» **Exercise**:
Reproduce the full listing as it stands. Images do not belong in the copy.

» **Data excerpt**:

* * *

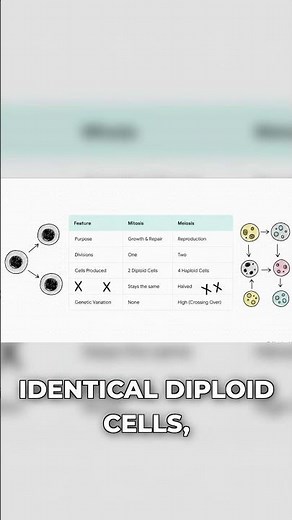 Mitosis vs. Meiosis: Key Differences REVEALED!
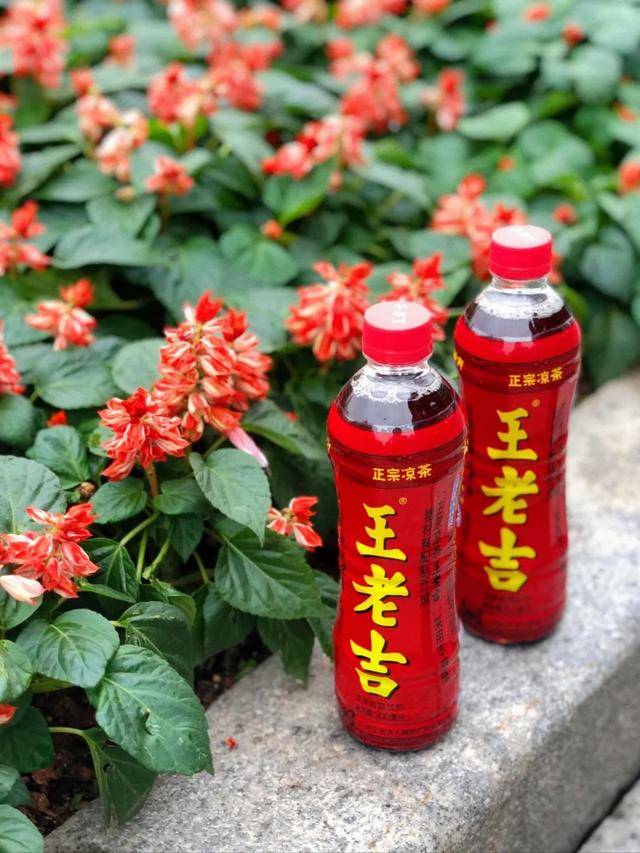 广药集团多款产品强势入驻广州直播节白云山维一植物精油直播首秀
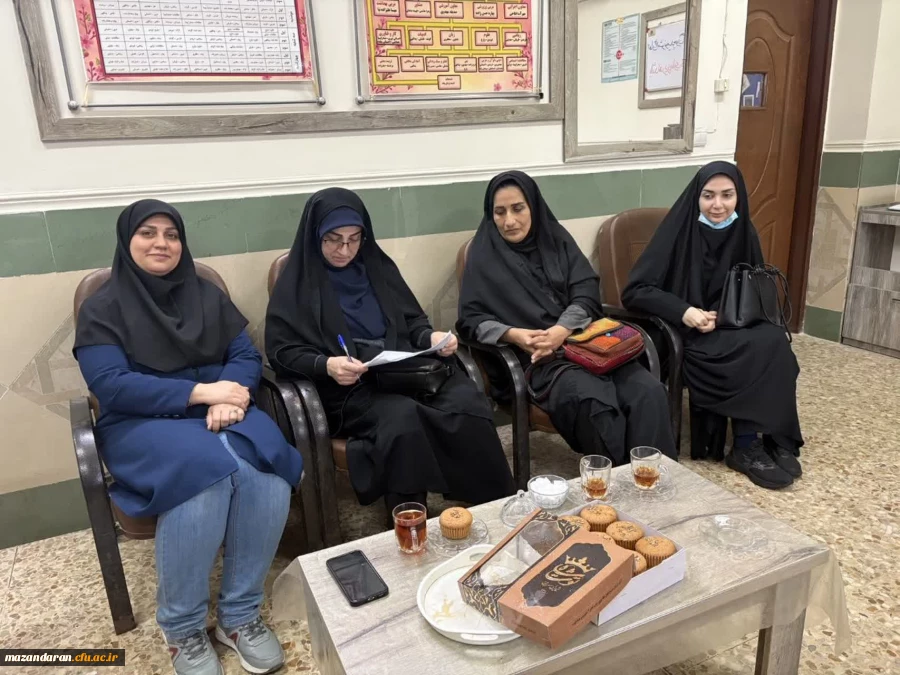 بازدید کارورزی از مدارس 4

* * *

» **Response area**:
 Mitosis vs. Meiosis: Key Differences REVEALED!
 广药集团多款产品强势入驻广州直播节白云山维一植物精油直播首秀
 بازدید کارورزی از مدارس 4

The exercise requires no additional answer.